一 新聞のニュースを読む力を鍛えるクイズづくり

 新聞は、新聞社によって同じ記事でも取り上げ方が全く違うことがある。それは、編集する側の情報量や編集者の意図に違いがあるからである。特に新聞の見出しを見ると、新聞社の考え方がよく分かる。
 第五学年の情報単元では、「様々な情報に対して適切に判断し、望ましい行動をしようとする能力や態度を身に付ける」ことが求められることになった。そこで、新聞やインターネットのニュースを取り上げ、楽しく活動しながら情報に対して適切に判断できる力を身に付けさせたいと考えた。
 本稿では、二つの新聞の見出しの違いに着目し、ニュースの意味を読み取るクイズづくりを紹介したい。
 次のようなクイズの問題を設けて、新聞のニュースの見出しを比べる。

@ニュースが伝えている内容を確認する。
A二つの新聞の見出しの違いは何だろう。
Bどちらの新聞の見出しが信頼できるだろうか。
C二つの新聞の見出しの違いの理由は何故だろう。

 今年の二月、日本相撲協会は、八百長問題を受けて、春場所を中止するかどうかに迫られることになった。その春場所の中止が決定される日の朝刊の見出しは次のように書かれていた。

春場所中止
 不祥事で史上初(A新聞)
春場所中止へ
 3人除名検討(M新聞)

 この二つの新聞の見出しを見ると、「へ」があるかないかが違うことがすぐに分かる。一見、違いがないように見えるが、この「へ」があるかないかで、読者が受け取る意味が大きく変わる。A新聞の「春場所中止」だと、「中止」と、断言しているので春場所は中止になったことになる。一方、M新聞の「春場所中止へ」の見出しだと、「春場所は中止になりそうだ」「中止されるかも知れない?」の意味に読み取れるのである。

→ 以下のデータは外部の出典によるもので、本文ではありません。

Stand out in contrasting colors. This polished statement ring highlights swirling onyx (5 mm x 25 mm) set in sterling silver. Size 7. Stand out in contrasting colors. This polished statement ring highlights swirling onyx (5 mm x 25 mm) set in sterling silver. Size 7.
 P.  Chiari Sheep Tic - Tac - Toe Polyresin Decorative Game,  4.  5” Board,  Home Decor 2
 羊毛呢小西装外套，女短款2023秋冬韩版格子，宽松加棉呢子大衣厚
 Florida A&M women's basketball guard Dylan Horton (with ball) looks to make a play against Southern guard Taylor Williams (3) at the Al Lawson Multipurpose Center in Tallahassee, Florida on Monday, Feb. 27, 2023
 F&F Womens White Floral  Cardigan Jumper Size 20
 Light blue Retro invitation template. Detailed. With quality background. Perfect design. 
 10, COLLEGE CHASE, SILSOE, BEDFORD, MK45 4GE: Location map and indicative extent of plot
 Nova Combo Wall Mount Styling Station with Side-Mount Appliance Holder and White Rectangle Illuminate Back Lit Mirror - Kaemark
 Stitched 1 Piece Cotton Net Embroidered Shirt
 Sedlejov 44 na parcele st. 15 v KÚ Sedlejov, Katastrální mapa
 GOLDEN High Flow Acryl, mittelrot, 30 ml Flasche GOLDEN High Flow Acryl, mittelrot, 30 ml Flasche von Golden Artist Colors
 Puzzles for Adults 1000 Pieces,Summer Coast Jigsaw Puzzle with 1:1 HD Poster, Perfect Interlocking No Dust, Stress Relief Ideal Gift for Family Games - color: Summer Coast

二つの新聞の見出しを比べると、何が違うのでしょうか。

 子どもたちは、「春場所中止」「春場所中止へ」という見出しの違いに目を向ける。「へ」の違いにすぐ気付くと思われる。そこで、次の質問をする。

A新聞とM新聞とでは、どちらを信用しますか。

 「春場所中止」と主張するA新聞。「春場所中止へ」と微妙な主張のM新聞。子どもたちの主張も二つに分かれるであろう。そこで、次のように問う。

A新聞とM新聞の見出しが違う理由は何故でしょう。

 「新聞によって調べたことが違う」
 「新聞社が考えて、予想を立てたから」
 「読者を引きつける言葉を使って、新聞をたくさん買ってもらおうと思ったから」
 など、子どもたちは自分なりの理由を真剣に考えると思われる。答えはすぐに示してもよいが、子どもたちがこの意味を話し合い、自分の考えをつくりあげるプロセスを大切にしたい。
 また、「答えは、次の日の朝刊を見ると分かります」と教師が言うと、ほとんどの子どもが次の日の新聞を読もうとする意欲を育むことができる。
 子どもたちがニュースに進んでかかわる意欲を育てるためには、このように楽しく学ぶ工夫をするようにしたい。クイズを解きながら、友達とかかわりながら、子どもたちは、ニュースを見るのが好きになるに違いない。
 このような活動を繰り返し行うことによって、ニュースに強い子どもを育てることにつながる。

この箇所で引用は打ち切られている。